香の物として出す以外には、温かい麺類や汁物に添える事が多い。清酒と同様にコハク酸を多く含有しており、にも似た旨味を持っている。
独特の癖があるため、木曽菜漬けと違って他方出身者には勧めづらい。醤油や鰹節を加えた和え物にすると、旨味が増して食べやすくなる。

◆地漬(ジージキ)
沖縄県名物の黒砂糖漬。甘い味わいが特徴で、主にお茶うけとして食される(※ニンニクの地漬は薬食もされていた)。
電気冷蔵庫の大衆化前は気候・風土の問題で塩漬が長期保存できず、また製糖盛んな地で黒糖が手に入りやすい事から、昔はよく作られていた。
漬物の実はラッキョウ、ニンニク、ナス、ゴーヤ、キュウリ、シマウリ、白瓜、大根、島大根など。作り方は食材によって差もあるため、割愛。

◆ラッキョウの甘酢漬け
塩漬けにしたラッキョウを甘酢に漬けたもの。

◆浅漬け
野菜を一日ほど漬けた物。サラダ感覚で食べられる。
水分の抜けが甘いのでカビやすい。

◆福神漬け
カレーライスによく添えられる調味液漬けで、調味液は隠し味として用いられる場合もある。
大根、刀豆、茄子、蓮根、胡瓜、生姜、紫蘇の実、白胡麻ら様々な野菜に下処理を施してから醤油・味醂などで甘く仕上げた調味液に漬けたもの。
起源は諸説ある模様。

◆キムチ
皆さんご存知、朝鮮半島の辛い漬物。唐辛子は中南米原産なので今の形のキムチの歴史はそれほど深くはない。
白菜を漬けたものが基本だが大根やキュウリ、イカなどの海鮮を漬けたものもある。
韓国では国民食といえるもので、外食に出れば付け合わせとして好きなだけ食べられる店が多い。
日本と違って一般家庭でキムチを漬けるのが風物詩であり、姑が嫁のキムチの漬け方がなっていないといじめる光景が多々あるらしい。日本でいうみそ汁の作り方みたいものだろうか
日本では健康食品ブーム*2や韓国ブームによって消費量が増え、すっかり定着した。
漬物でランキングを取れば上位3指常連レベルであり、漬物といえばキムチという人も増えた。
日本の国民食納豆と和えて「納豆キムチ」にして食べるのが好きな人もいる。

ただ寄生虫事件などの影響もあり、近年は韓国産ではなく国産のキムチが主流。
2020年には中国がキムチは泡菜*3の一種(要約)としたことで争いが勃発。韓国の国民食といえるものなので大騒動となりまだ決着はついていない。
※追記募集


■余談

近年は、漬け物を家庭で作ると言う習慣がすっかり廃れ、だいたいの家庭が出来合いの既製品を買っているのが現状である。
だが、これらの商品には凄まじい量の添加物や化学調味料が入っていて(漬け物程添加物が加えられている食品は他に無い)、
我々は天然自然の味を忘れているのも現実である。
これは食嗜好の変化や高血圧対策の社会的要請に伴って漬物メーカーが低塩化・減塩に取り組んだ結果で、1965年頃は15%近くあった塩分濃度が1990年頃に5%前後まで減少している。
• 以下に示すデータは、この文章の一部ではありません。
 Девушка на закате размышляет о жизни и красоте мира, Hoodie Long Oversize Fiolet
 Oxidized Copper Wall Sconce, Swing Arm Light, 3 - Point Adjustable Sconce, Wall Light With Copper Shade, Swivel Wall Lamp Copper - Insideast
しかし、古くから漬け物は各自による創意工夫の元、それぞれの家庭に素晴らしい味わいがあった筈である。
21世紀の今、この素晴らしい日本文化が絶えないで存続していく事を切に願う。
そして、いつの日かまた日本人が自然の味わいの素晴らしさを取り戻せる事を…。


なお漬け物は大量の塩分が含まれており、食べすぎはあなたの体に腎不全などの深刻な被害を及ぼします。
実際に人工透析を導入される方には農家などの漬け物をよく食べる習慣のある方が多いので、日頃から漬け物を嗜む方はなるべく一日一食を目安に控えましょう。
全日本漬物協同組合連合会が漬物の食塩含有量と食塩1gで食べられる量の目安を公開しているので、参考にされると良いかもしれない。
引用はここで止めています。